Bereits bei der türkischen Militäroffensive 2019 gaben sich die Bundesregierung und die EU handlungsunfähig – über eine Verurteilung des Angriffskrieges ging es kaum hinaus. Denn: Die EU hat sich mit dem EU-Türkei-Deal erpressbar gemacht – die Türkei hält in deren Auftrag die syrischen Geflüchteten von Europa fern. Diese sind somit ein Faustpfand für Erdoğan, der seine Interessen ungehindert durchdrücken kann. Der Preis: Millionen im Nordwesten festsitzende Menschen unter katastrophalen humanitären Bedingungen, Hundertausende Vertriebene im Nordosten und die weitere Destabilisierung einer bereits volatilen Region.
„Diese Pläne der Massenabschiebung verstoßen nicht nur gegen das humanitäre Völkerrecht, die ethnische Massenvertreibung der ortsansässigen kurdischen Bevölkerung ist zudem ein Kriegsverbrechen“, mahnt Svenja Borgschulte von der deutsch-syrischen Menschenrechtsorganisation Adopt a Revolution. „Die Bundesregierung misst mit zweierlei Maß, wenn sie den einen Autokraten sanktioniert und den anderen gewähren lässt. Die EU hat sich mit dem EU-Türkei-Deal erpressbar gemacht und ist
dadurch handlungsunfähig. Wir müssen raus aus dieser Spirale und endlich den EU-Türkei-Deal aufkündigen.“
Die Bundesregierung darf sich nicht zur Mittäterin machen
Wir verurteilen die geplante türkische Offensive aufs Schärfste. Die Bundesregierung und die EU dürfen nicht ein weiteres Mal wegschauen und müssen sich endlich ihrer Verantwortung stellen.

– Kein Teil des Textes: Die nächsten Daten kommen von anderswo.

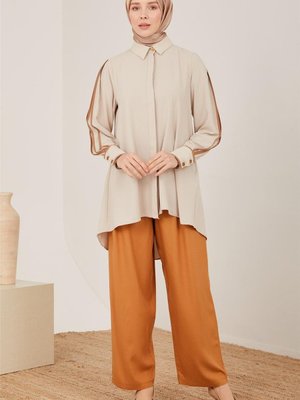 Kemeri Piliseli Bol Viskon Pantolon Çikolata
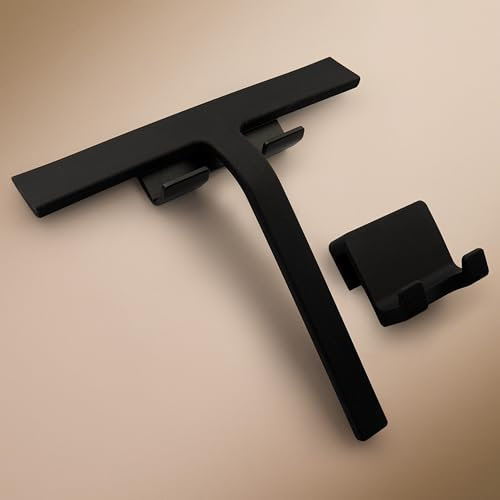 Designfabrik Amburgo Tergivetro doccia | Tira acqua in silicone nero o bianco | Supporto senza forare | Design moderno per il bagno | 23 cm | Nero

Daher fordern wir die Bundesregierung dazu auf:
- Den nötigen Druck auf die Türkei auszuüben, um ihre Invasionspläne sowie die Massenabschiebung von zwei Millionen Menschen zu stoppen und die aktuell bereits stattfindenden Angriffe sofort einzustellen. Die Türkei handelt völkerrechtswidrig und verstößt gegen die Charta der UN und den Nordatlantik-Vertrag der NATO.

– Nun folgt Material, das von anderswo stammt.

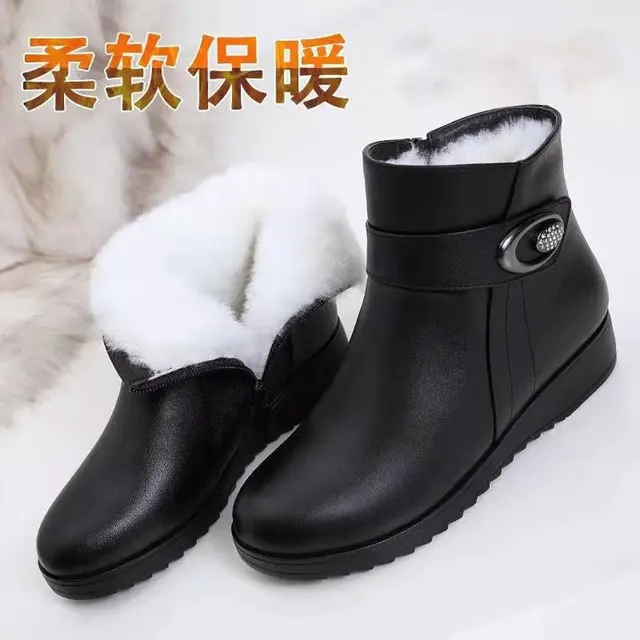 2022 New Black Wedge Womens Winter Boots Non-slip Warm Fur Ankle Boots  Women Cheap Leather Boots For Mother Winter Shoes Famale - Women's Boots -  AliExpress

- Sich vehement für eine Abkehr vom EU-Türkei-Deal in seiner aktuellen Form einzusetzen. Grundlage für eine finanzielle Unterstützung müssen die militärische Zurückhaltung der Türkei in Syrien, die vollständige Anerkennung der Genfer Flüchtlingskonventionen sowie die Einhaltung von Menschen- und Grundrechten sein!
- Sichere und legale Fluchtwege für syrische Geflüchtete nach Europa zu schaffen! Dafür braucht es einen humanitären Korridor und ein neues, völkerrechts- und rechtsstaatskonformes Asylverfahren für alle Menschen, die über die Türkei in die EU reisen möchten, um Asyl zu beantragen.
- Sich für ein Waffenembargo auf EU-Ebene stark zu machen.
- Sich mit allen Mitteln für eine gesamtsyrische nachhaltige Friedenslösung einzusetzen, um alle Menschen in Syrien vor Gewalt, Verfolgung und Vertreibung zu schützen – ob im Nordosten vor der Türkei, in der Provinz Idlib vor syrisch-russischen Bomben und im Rest des Landes vor der brutalen Verfolgung durch das Assad-Regime.